どうやら意図せずして先輩はモンスターの討伐に成功したらしい。
「よ、良かった! やりましたよ、先輩! これで先輩もスキルを獲得できます!」
「ほ、本当? やったーーー……ぁ?」
「あれ? どうしたんですか先輩? そんなに離れて?」
てっきりすごく喜ぶと思ったのに、何故か先輩は青い顔をして私から距離をとる。
どうしたんだろうか?
≪――追記≫
ん?
≪レッサー・キャタピラーは非常に弱いモンスターであるが、その分繁殖力に優れています。そのため、一匹見つければ、十匹は居ると言われています≫
何そのGみたいな説明。
そんなの今は関係な――え? ちょっと待って。お前、今なんて言った?
≪レッサー・キャタピラーは非常に弱いモンスターであるが、その分繁殖力に優れています。

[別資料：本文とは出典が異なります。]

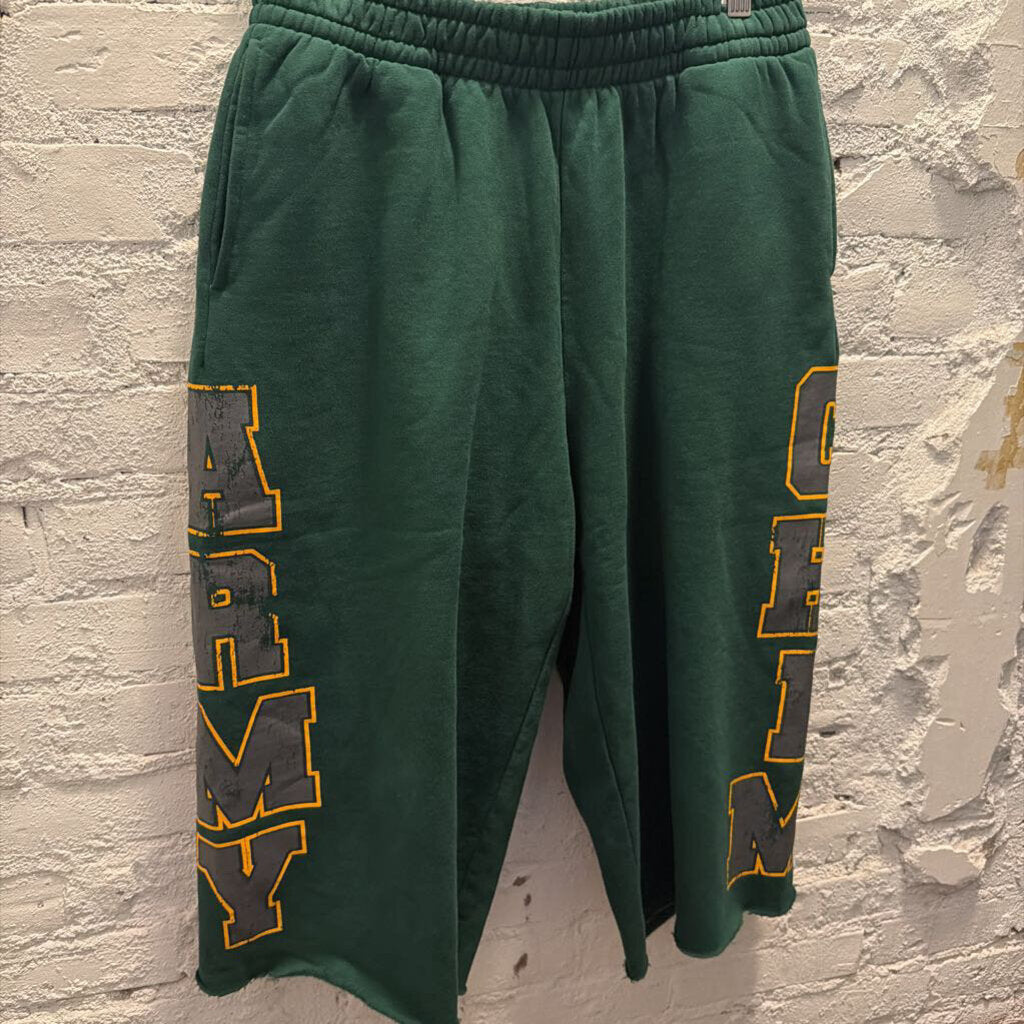HMDD QUARTER LENGTH SWEATS SZ S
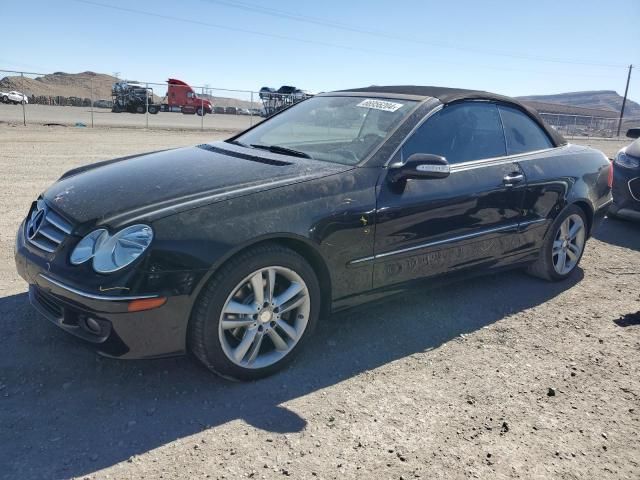 2008 Mercedes-Benz CLK 350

そのため、一匹見つければ、十匹は居ると言われています≫
思わず二度聞きしてしまう。
律儀に答えてくれる検索さん。
「…………」
ギギギ、と首だけ動かして私は自分の足元を見る。
「……………ぁ」
もぞもぞと大量の芋虫が蠢いていた。
うわぁー、いっぱいいるー。
こんなにたくさん、一体どこに隠れてたのかなぁ?
…………。
……。
「「――いやあぁぁああああああああああああああああああああああっ!!」」
「みゃぁー?」
私と先輩は悲鳴を上げて一目散にその場を離れた。
すいません、いくら弱くて討伐が簡単でも虫は無理です。